League of Women Voters of Virginia says proposed purge could threaten eligible voters in November election
Tomorrow, a federal court in Alexandria, Virginia, will address a request by the League of Women Voters of Virginia to intervene in an ongoing legal battle there, where a self-styled “election integrity” group has sued the city’s registrar in an attempt to pressure her into conducting an unnecessary and improper purge of the voter rolls in advance of the 2016 election.
To protect eligible voters from unlawful disenfranchisement, the League has also filed a proposed legal brief supporting Alexandria’s effort to dismiss the plaintiffs' claim that the city’s process for updating its voter rolls violates the National Voter Registration Act (NVRA). Friday’s hearing in the case, which concerns both the League of Women Voters’ request to join the case and the city’s effort to have plaintiffs’ claims thrown out, will be held at 10 a.m. in the U.S. District Court for the Eastern District of Virginia.
The League is represented in this case by attorneys from voting rights groups Demos and Project Vote, and by attorneys at Hogan Lovells LLP, an international law firm providing pro bono assistance.
“The League of Women Voters has been advocating for the protection of voting rights for 96 years, and we have put a lot of time and effort into registering and educating eligible voters in Virginia,” said Lois Page, co-president of the League of Women Voters of Virginia. “The plaintiffs in this case are trying to undo our work, and we’re fighting back.”

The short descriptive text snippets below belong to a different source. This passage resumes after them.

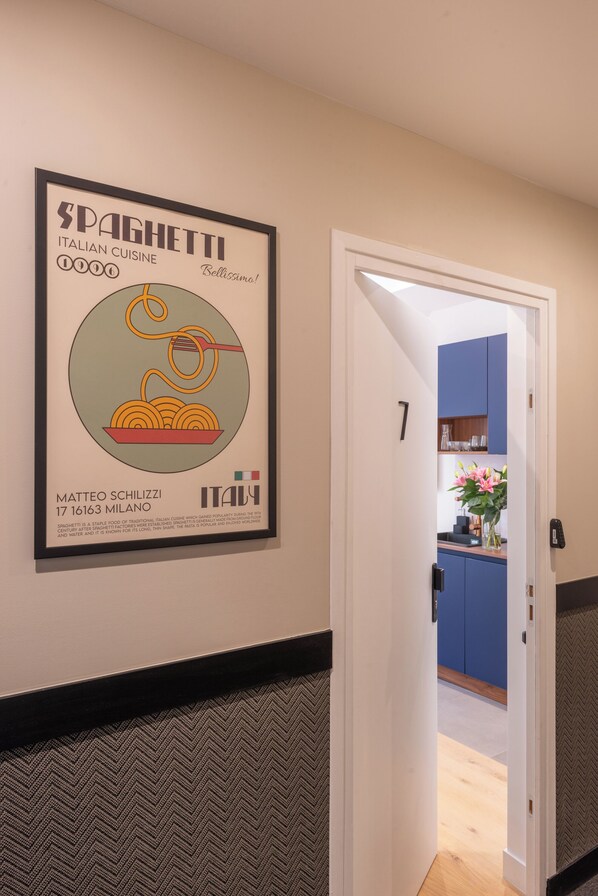A hallway with a framed poster of spaghetti, a door labeled '7', and a glimpse of a kitchen area.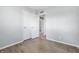 Bedroom with hardwood floors, closet, and an open doorway leading to other rooms at 1931 Brentwood Dr, Anderson, IN 46011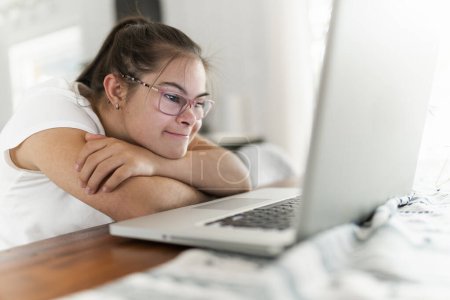 Una niña que tiene un gran tiempo sentarse en la mesa de la cocina con el ordenador portátil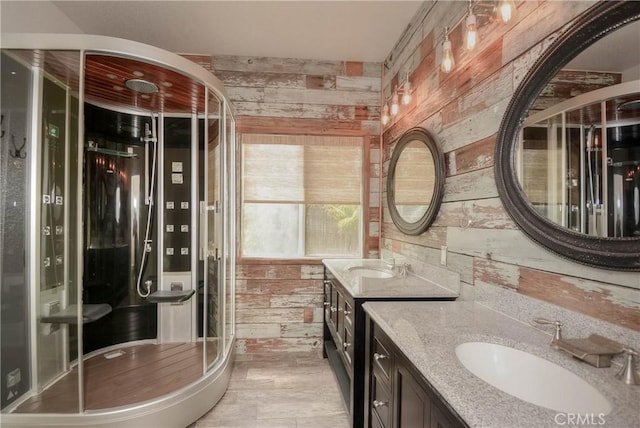 full bath featuring two vanities, wood walls, and a sink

The NVRA was passed in 1993 to increase voter registration opportunities and to establish requirements states must follow when updating their voter registration rolls. A group identifying itself as the Virginia Voter's Alliance has filed the lawsuit against Alexandria’s registrar of voters, arguing that Section 8 of the NVRA requires the registrar to more aggressively remove (or “purge”) voters from the rolls.

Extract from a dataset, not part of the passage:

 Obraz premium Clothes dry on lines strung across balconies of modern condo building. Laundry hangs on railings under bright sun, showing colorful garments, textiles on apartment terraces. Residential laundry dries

The League of Women Voters of Virginia—and the voting rights groups who represent them—disagree.
“Eligible voters in Virginia who have taken the time to register should not be removed from the voter rolls based on vague and unsubstantiated concerns about voter fraud,” said Stuart Naifeh, senior counsel at Demos. “The NVRA has built-in safeguards to give voters the benefit of the doubt before cancelling their registration. Any list maintenance procedures implemented in Alexandria must be in compliance with these federal protections.”
The stakes of this case are significant. “These lawsuits that seek to force election officials to hastily remove voters from the registration rolls without following the required procedures are always dangerous, but they’re especially troubling as we get closer to an election,” said Michelle Kanter Cohen, election counsel at Project Vote. “True election integrity means making sure eligible people stay on the rolls.”